Perhaps Bezos’s biggest link to Boston thus far has been his 2012 purchase of the warehouse robotics startup Kiva Systems. That North Reading company, now known as Amazon Robotics, builds the rolling machines that move merchandise in Amazon’s distribution centers, allowing it to more efficiently fill orders. Bezos is an occasional visitor to Amazon Robotics.
Amazon also develops much of the speech recognition technology for its Echo intelligent speaker at a research and development site in Cambridge. And the company relies on Cambridge-based E Ink to supply the screens for its Kindle line of electronic books. E Ink’s co-founder and longtime chief executive, Russ Wilcox, remembers his one face-to-face meeting with Bezos, the company’s biggest customer. The Amazon CEO wasn’t exactly happy that there was just one company he could purchase the screens from, but no one else had developed a comparable technology.
“Amazon is a terrific purchaser,” says Wilcox, now a venture capitalist in Boston. “They know how to buy things, and one of their main strategies is to have at least two suppliers. You can hold a little auction, get a fair price, but keep both of them around in case something goes wrong with one of them.”
That, says Wilcox, may be exactly what Bezos is doing by creating a second headquarters city for Amazon.
If one city sets a policy that the company doesn’t like, or isn’t willing to rezone a chunk of land, Bezos would be able to say “the next 10,000 jobs could go into either of our headquarters locations. What are you willing to do for us now?” Wilcox predicts. “He’s going to be able to auction the two cities against each other.”
No one locally who has dealt with Bezos had a strong take on which North American city would win the headquarters crown — only that Bezos and his leadership team will be extremely analytical about evaluating their options.
Some of Bezos’s first visits to Boston, after he founded Amazon, were to drop in on a class at Harvard Business School taught by Jeffrey Rayport, who had written a case study about the then-fledgling business.

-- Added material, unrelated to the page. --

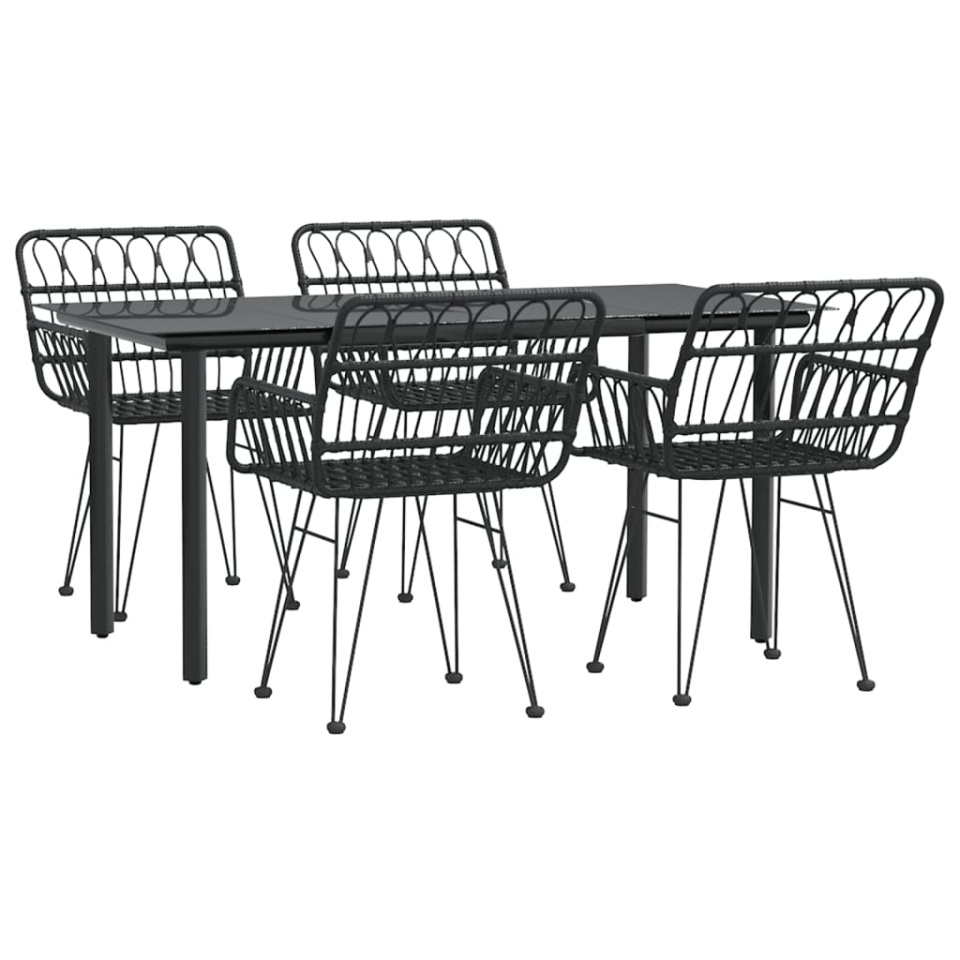 Set mobilier de grădină, 5 piese, negru, poliratan - 2 | YEO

It was the late 1990s, and the company was on the verge of its Nasdaq stock market debut. But Bezos was still feeling frugal. He didn’t want to spring for a cab from Logan to the Harvard campus, so some MBA students vied to give him a lift. Two of them, Rayport recalls, were promptly hired to work at Amazon — they helped the company add DVDs and consumer electronics devices to Amazon’s online storefront.
Bezos has gotten to know Boston pretty well over in the years since those early visits. The big question now: Will Boston get to know Bezos better?